Problem with fsfreeze-freeze and qemu guest agent

werenzo

Active Member
May 21, 2018
6
1
43
47
Hello,

we're running proxmox-ve: 5.4-1 (running kernel: 4.15.18-12-pve)

I was trying to test qemu-guest-agent fsfreeze function in a CloudLinux release 7.7 (3.10.0-962.3.2.lve1.5.26.4.el7.x86_64) guest.

When I issue the command

qm agent <vmid> fsfreeze-freeze

The guest agent stop responding and I get

"QEMU guest agent is not running"

In order to restore functionality I have to restart qemu-guest-agent.service (systemctl restart qemu-guest-agent.service) but the process seems not responding and finally systemd kills it to restart.

I've noticed some backup related post with a similar behaviour. Could you help me debug this problem?

Thank you
 
Do simple qm guest cmd<vmid> ping works?
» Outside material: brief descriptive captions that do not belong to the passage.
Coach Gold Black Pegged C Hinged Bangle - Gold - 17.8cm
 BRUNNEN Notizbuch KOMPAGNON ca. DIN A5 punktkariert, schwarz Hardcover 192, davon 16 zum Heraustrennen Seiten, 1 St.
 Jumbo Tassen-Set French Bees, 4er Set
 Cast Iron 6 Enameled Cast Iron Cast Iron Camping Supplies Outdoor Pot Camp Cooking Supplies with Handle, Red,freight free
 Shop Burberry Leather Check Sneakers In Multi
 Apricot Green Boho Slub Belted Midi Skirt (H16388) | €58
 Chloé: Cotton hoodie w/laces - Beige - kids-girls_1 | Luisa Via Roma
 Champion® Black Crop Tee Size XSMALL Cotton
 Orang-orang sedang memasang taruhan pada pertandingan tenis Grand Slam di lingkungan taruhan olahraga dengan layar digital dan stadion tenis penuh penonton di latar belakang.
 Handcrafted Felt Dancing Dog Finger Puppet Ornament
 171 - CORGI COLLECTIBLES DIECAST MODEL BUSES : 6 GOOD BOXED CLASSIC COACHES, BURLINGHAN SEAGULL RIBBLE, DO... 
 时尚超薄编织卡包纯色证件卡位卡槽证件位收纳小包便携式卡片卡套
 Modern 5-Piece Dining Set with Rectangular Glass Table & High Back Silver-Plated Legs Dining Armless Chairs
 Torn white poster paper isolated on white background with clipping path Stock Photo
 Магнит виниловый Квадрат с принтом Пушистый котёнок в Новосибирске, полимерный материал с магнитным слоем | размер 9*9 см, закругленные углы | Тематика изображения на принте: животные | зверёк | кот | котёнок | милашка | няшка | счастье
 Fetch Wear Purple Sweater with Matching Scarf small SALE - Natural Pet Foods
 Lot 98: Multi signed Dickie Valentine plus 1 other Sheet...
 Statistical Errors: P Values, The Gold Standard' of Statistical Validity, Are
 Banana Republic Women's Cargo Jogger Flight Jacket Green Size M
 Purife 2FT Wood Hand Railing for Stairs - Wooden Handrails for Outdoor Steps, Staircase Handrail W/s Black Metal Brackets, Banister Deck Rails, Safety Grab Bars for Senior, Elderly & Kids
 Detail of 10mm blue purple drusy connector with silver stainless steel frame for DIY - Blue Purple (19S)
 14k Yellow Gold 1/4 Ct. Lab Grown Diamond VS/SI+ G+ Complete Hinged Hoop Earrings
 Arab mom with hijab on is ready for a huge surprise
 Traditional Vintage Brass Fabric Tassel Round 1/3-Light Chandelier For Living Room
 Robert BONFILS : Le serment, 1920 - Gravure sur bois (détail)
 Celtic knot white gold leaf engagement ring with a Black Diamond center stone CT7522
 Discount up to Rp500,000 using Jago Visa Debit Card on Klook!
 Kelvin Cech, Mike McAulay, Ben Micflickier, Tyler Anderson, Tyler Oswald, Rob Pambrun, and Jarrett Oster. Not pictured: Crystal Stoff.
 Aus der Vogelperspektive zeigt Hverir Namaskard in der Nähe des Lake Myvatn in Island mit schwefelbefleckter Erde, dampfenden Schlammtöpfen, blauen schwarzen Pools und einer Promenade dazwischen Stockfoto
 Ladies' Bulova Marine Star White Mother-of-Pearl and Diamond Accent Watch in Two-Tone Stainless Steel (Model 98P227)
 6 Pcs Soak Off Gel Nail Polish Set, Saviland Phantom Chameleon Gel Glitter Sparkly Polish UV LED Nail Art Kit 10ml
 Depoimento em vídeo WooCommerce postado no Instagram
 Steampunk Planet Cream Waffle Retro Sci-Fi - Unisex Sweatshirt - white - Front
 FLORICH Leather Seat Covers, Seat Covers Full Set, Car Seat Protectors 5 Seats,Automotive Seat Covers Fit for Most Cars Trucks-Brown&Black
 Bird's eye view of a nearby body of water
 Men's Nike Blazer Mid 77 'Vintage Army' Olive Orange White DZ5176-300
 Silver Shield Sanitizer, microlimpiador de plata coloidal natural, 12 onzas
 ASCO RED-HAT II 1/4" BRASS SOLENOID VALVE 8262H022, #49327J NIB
It should be also visible in the guest syslog..

I suspect that this is rather an issue with the in guest packaged guest-agent, the cloudlinux website was currently not reachable (got some cloudflare error site), but wikipedia says that the 7.x series was initially released in 2015, so depending on the updates for the agent it could be a bit outdated. Maybe see if there's some updates?

If ping and other QGA commands work, it could be related to freezing of the rootfs - what runs inside that VM, not all workloads are easy to freeze - some Databases or also some Container implementation (like older OpenVZ a long time ago) often have some issues with freeze. The guest kernel is also a bit outdated, not sure how good the FS freezer support was then.
 
Hello t.lamprecht,

qm guest ping result in "QEMU guest agent is not running".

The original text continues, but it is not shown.